1. Creating a separate parser is not viable. It would likely bitrot and break on the next change to Cmm and only causes increased maintenance overhead. At least not if you want the GHC team to maintain it.
Extend the current parser with a dedicated block Having blocks ala C seems fine. Your suggestion seems different however. It's unclear from your example how those blocks would work exactly. Is `|low_level_unwrapped` |a label. If so can we goto to it? Is it a keyword? Something else entirely?
If the main issue is the "offset" string in the generated case I'm fine with deleting that from the pretty printer. I'm not sure that does anything of value so removing it from the output seems fine. (See pprCmmGraph).
If we introduce this new “exact” low-level form, it's possible the existing low-level mode could become redundant. We might then have:
What changes are you planning that make the new parser/syntax incompatible with the old one? Can't you just modify the current parser, maybe with some slight changes to the pretty printer, in a way that makes it mostly backwards compatible?
|aeson| adds a large dependency footprint, and likely wouldn't be suitable for inclusion in GHC.
Yes aeson seems unsuitable.
Lastly—I’ve heard that parts of the Cmm pipeline may currently be under refactoring.
This is the first time I hear of this so I wonder where this information came from? There could always be changes to those sorts of things, because at the end of the day they are compiler internals. But I'm not aware of any big planned changes in the near future. Cheers Andreas On 28/07/2025 02:16, Diego Antonio Rosario Palomino wrote:
Hello GHC devs,
I'm currently working on Cmm documentation and tooling improvements as part of my Google Summer of Code project. One of my core goals is to make Cmm roundtrip serializable.

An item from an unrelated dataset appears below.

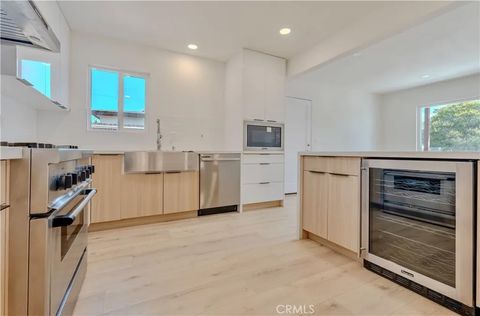 Tiny photo for 3308 N Alameda Avenue, San Bernardino, CA 92404 (MLS # OC25245816)
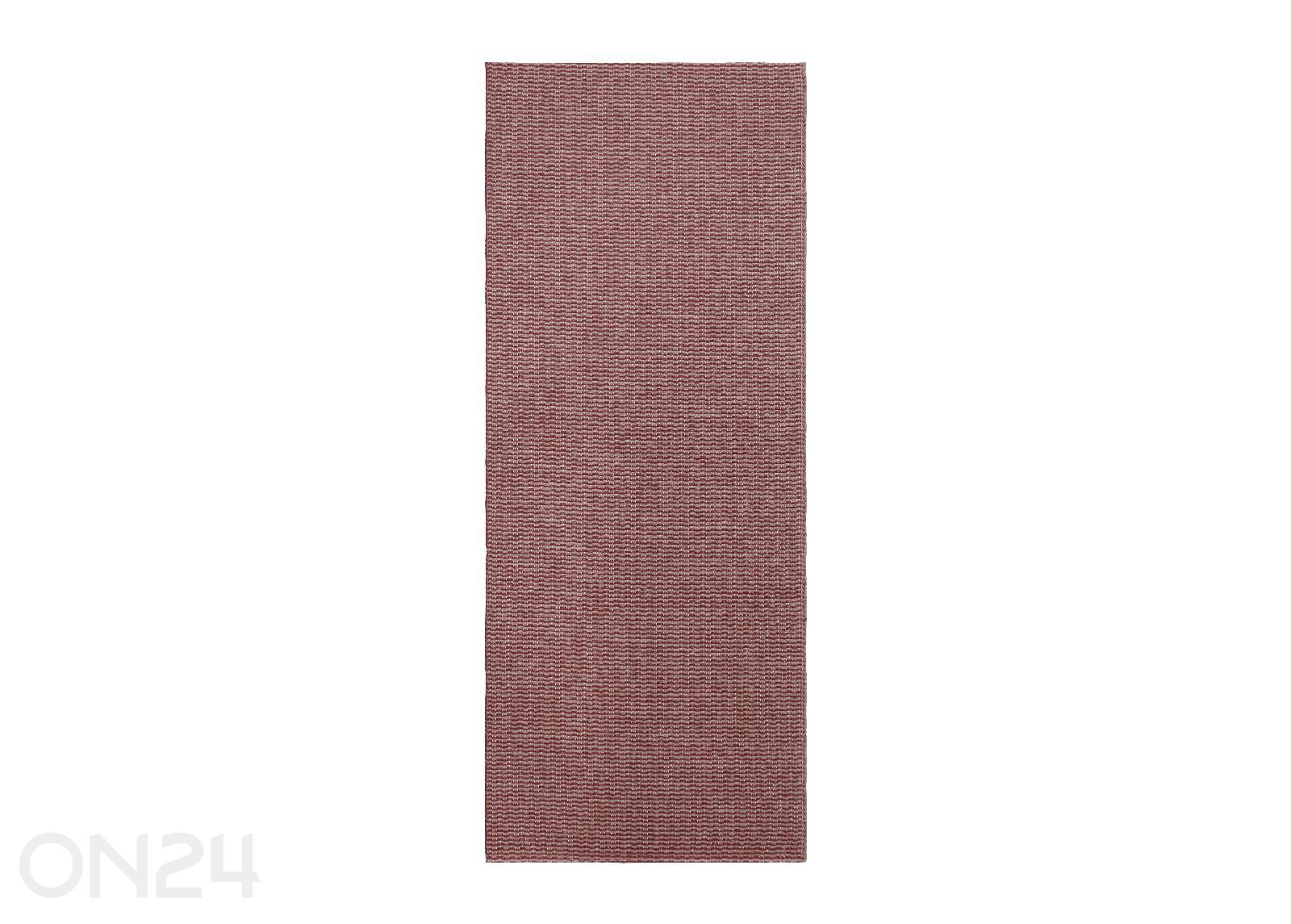 Matto Palas V11, 60x120 cm kuvasuurennos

Right now, the in-memory Cmm data structure—generated programmatically (e.g., from STG via GHC)—can be pretty-printed, and Cmm can also be parsed. However, the pretty-printed version is not compatible with the parser. That is, we cannot take the output of the pretty printer and feed it directly back into the parser.
Example:
Parseable version:
|sum { cr: bits64 x; x = R1 + R2; R1 = x; jump %ENTRY_CODE(Sp(0))[R1]; } |
Pretty-printed version:
|sum() { // [] { info_tbls: [] stack_info: arg_space: 8 } {offset cf: // global _ce::I64 = R1 + R2; R1 = _ce::I64; call (I64[Sp + 0 * 8])(R1) args: 8, res: 0, upd: 8; } } |
Another example:
Parseable version:
|simple_sum_4 { // [R2, R1] cr: // global bits64 _cq; _cq = R2; bits64 _cp; _cp = R1; R1 = _cq + _cp; jump (bits64[Sp])[R1]; } |
Pretty-printed version:
|simple_sum_4() { // [] { info_tbls: [] stack_info: arg_space: 8 } {offset cs: // global _cq::I64 = R2; _cr::I64 = R1; R1 = _cq::I64 + _cr::I64; call (I64[Sp])(R1) args: 8, res: 0, upd: 8; } } |
While it’s possible to write parseable Cmm that resembles the pretty-printed version (and hence the internal ADT), they don’t fully match—mainly because the parser inserts inferred fields using convenience functions.
Proposal:
To make roundtrip serialization possible, I propose supporting a new syntax that matches the pretty printer output exactly.

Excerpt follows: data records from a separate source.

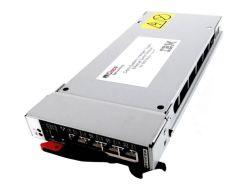 IBM - 32R1895 - BladeCenter 4 x Ports Gigabit Ethernet Switch Module - Orange Hardwares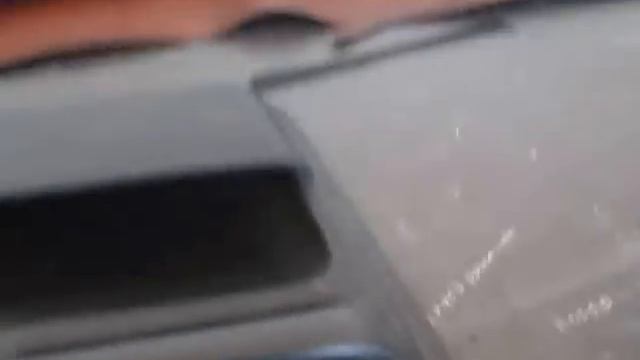 Обтяжка дверных карт на AUDI 80 каучуковым материалом. смотреть онлайн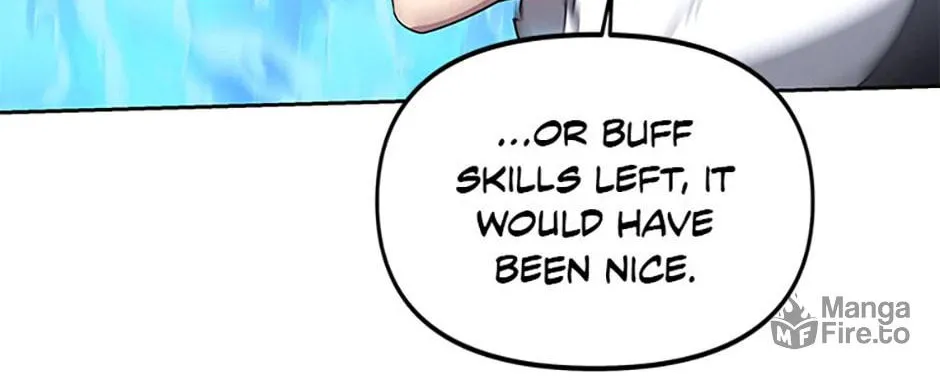 Read Ark the Legend chapter 34 image 69 on Lezhin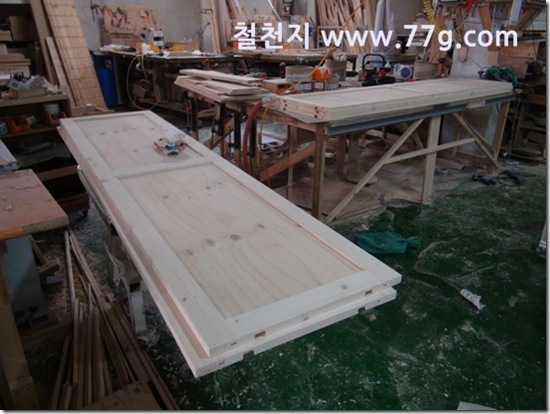 77gDSC03655-20130418-154819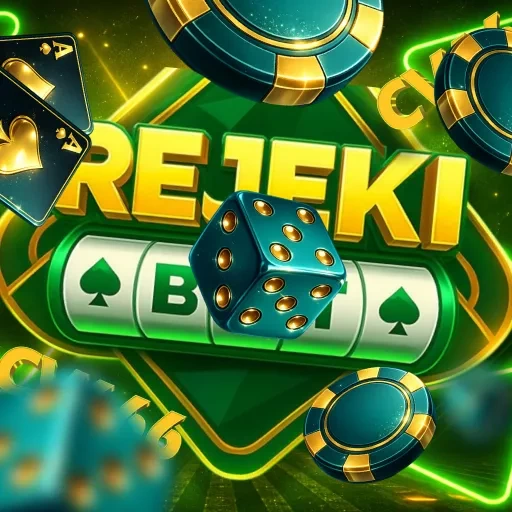 rejeki APK: Fitur, Ukuran, dan Link Download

There are a couple of design options:
1.
Create a separate parser that accepts the pretty-printed syntax. Files could then use either the current parser or the new strict one.
2.
Extend the current parser with a dedicated block syntax like:
|low_level_unwrapped { ... } |
This second option is the one my mentor recommends, as it may better reflect GHC developers' preferences. In this mode, the parser would not insert any inferred data and would expect the input to match the pretty-printed form exactly.

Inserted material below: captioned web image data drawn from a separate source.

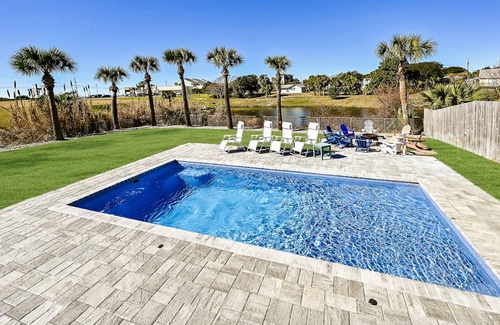 Laguna Beach House | 102 m² House ∙ 4 bedrooms ∙ 8 guests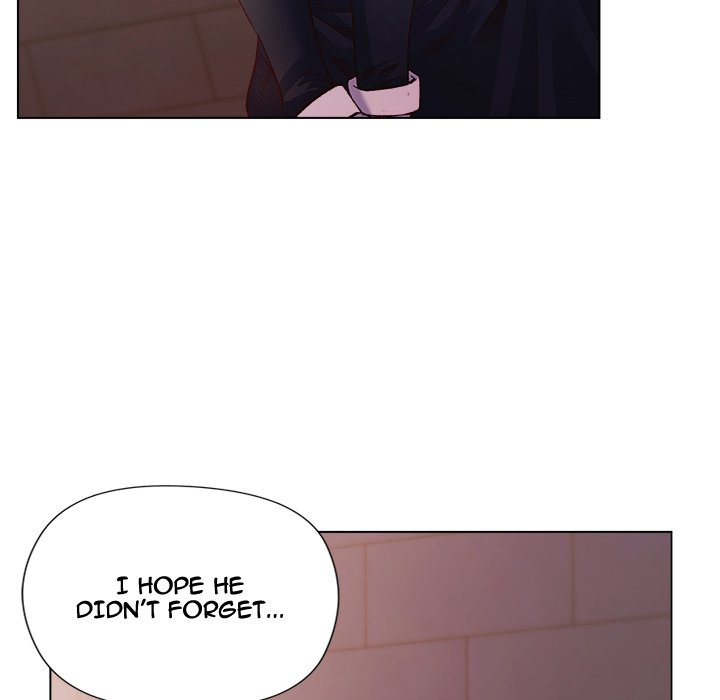 I Will Protect the Lady Chapter 13 - Manhwa18.com
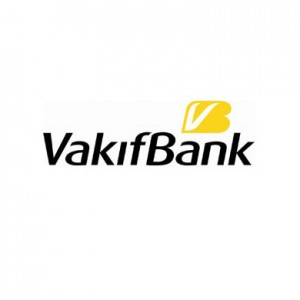 Opencart Vakıfbank Pos Kurulumu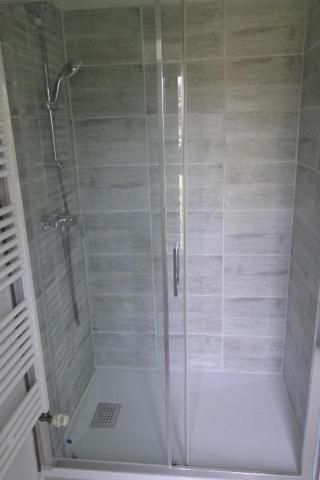 Appartement 2 pièces de 44 m² à Beaumont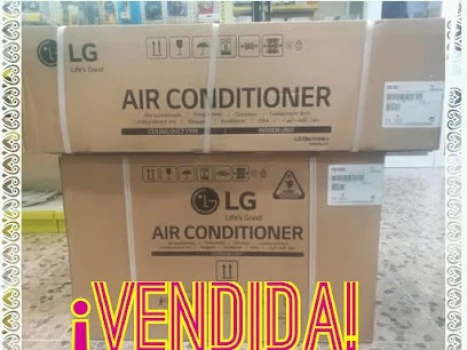 CRIPAS INSTALACIONES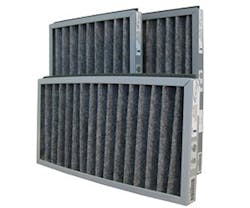 1651071924737 B 0114 Products Deltam 1651071924737 B 0114 Products Deltam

This would enable a true roundtrip:
*
Compile Haskell to Cmm (in-memory AST)
*
Pretty-print and write it to disk (wrapped in low_level_unwrapped { ... })
*
Later read it back using the parser and continue with codegen
Optional future direction:
As a side note: currently the parser has both a “high-level” and a “low-level” mode. The low-level mode resembles the AST more closely but still inserts some inferred data.
If we introduce this new “exact” low-level form, it's possible the existing low-level mode could become redundant. We might then have:
*
High-level syntax
*
New low-level (exact)
*
And possibly deprecate the current low-level variant
I’d be interested in your thoughts on whether that direction makes sense.
Serialization libraries?
One technically possible—but likely unacceptable—alternative would be to derive serialization via a library like |aeson|. That would enable serializing and deserializing the Cmm AST directly. However, I understand that |aeson| adds a large dependency footprint, and likely wouldn't be suitable for inclusion in GHC.
Final question:
Lastly—I’ve heard that parts of the Cmm pipeline may currently be under refactoring. If that’s the case, could you point me to which parts (parser, pretty printer, internal representation, etc.) are being modified? I’d like to align my efforts accordingly and avoid conflicts.
Thanks very much for your time and input! I'm happy to iterate on this based on your feedback.
Best regards, Diego Antonio Rosario Palomino GSoC 2025 – Cmm Documentation & Tooling
_______________________________________________ ghc-devs mailing list ghc-devs@haskell.org http://mail.haskell.org/cgi-bin/mailman/listinfo/ghc-devs
Diego Like Andreas says, in general being able to parse the output that GHC itself produces would be a good idea. A few thoughts - Do you have any use-cases in mind? Suppose you were 100% successful -- would anyone use it? - - You need a compelling reason to change the input language (understood by the parser) since libraries may include .cmm files, which will break. (It'd be interesting to audit Hackage to see how many libraries do include such .cmm files.) - Rather than change the language understood by the parser, would it not be easier to change the language spat out by the pretty-printer to be compatible with the parser? Simon On Mon, 28 Jul 2025 at 08:46, Andreas Klebinger via ghc-devs < ghc-devs@haskell.org> wrote:
The idea of making Cmm roundtripable comes up every now and then. While the ability to feed dump output to GHC for debugging or similar purposes is useful In the end we always ended up prioritizing one of the many other things that needed doing.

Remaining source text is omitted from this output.